Titin is the largest sarcomere protein and exists in 2 isoforms: N2BA and N2B. N2BA is the longer more compliant form while N2B is the shorter and stiffer form [94]. A shift in the titin isoform profile or general titin hypo-phosphorylation is linked in the development of cardiac dysfunction. Changes in titin vary in DM ranging from increased [93] to decreased distribution. In another subsequent study, Pappritz et al. found significantly lower titin intensity distribution in db/db mice (T2DM) compared to non-diabetic mice. In addition, protein level evaluation found a lower N2BA/N2B ratio and titin hypo-phosphorylation in db/db mice [95]. These results would conform to the literature that DM is associated with low protein kinase G (PKG) and protein kinase A (PKA) activity and would lead to titin hypo-phosphorylation and cardiomyocyte stiffness [96,97,98,99,100].

Functional ventricular changes in diabetic cardiomyopathy

In addition to factors discussed previously (hyperglycaemia and Ca2+ homeostasis impairment), other pathological elements contribute to ventricular changes and they include increased free fatty acid (FFA) levels, cardiac and systemic insulin resistance, systemic and tissue inflammation, and the activation renin–angiotensin–aldosterone system (RAAS) and the sympathetic nervous system [101].

In the hyperglycaemic environment, extracellular matrix (ECM) protein overproduction causes increased myocardial stiffness and subsequent cardiac dysfunction, eventually leading to cardiac failure [102]. Stimulation of transforming growth factor-beta (TGF-β) induces differentiation of cardiac fibroblasts into myofibroblasts leading to excessive collagen production [103]. Matrix metalloproteinases (MMPs) are a proteolytic enzyme family that plays a significant role in the destruction of EC matrix. Studies have shown a subtype, MMP-2, is downregulated, with reduced activity in diabetic hearts which contributes to fibrosis [104, 105].

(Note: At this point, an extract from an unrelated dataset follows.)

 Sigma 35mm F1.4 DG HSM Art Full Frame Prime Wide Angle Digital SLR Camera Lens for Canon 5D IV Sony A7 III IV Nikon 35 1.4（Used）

In the early stage, diabetic cardiomyopathy is clinically asymptomatic and characterized by increased fibrosis and stiffness. However, there is increase in atrial filling and enlargement, reduction of early diastolic filling as well as an elevated left ventricular end-diastolic pressure [106]. These changes can be detected with magnetic resonance imaging (MRI) and echocardiography.

In the advanced stage of diabetic cardiomyopathy, changes at the cellular level such as impaired autophagy of apoptotic and/or necrotic cells, maladaptive immune response and oxidative stress increase cardiac fibrosis which initially result to impairment of left ventricular diastolic function as well as a slight decrease in ejection fraction. Early systolic dysfunction also begins to occur at this stage [91, 101]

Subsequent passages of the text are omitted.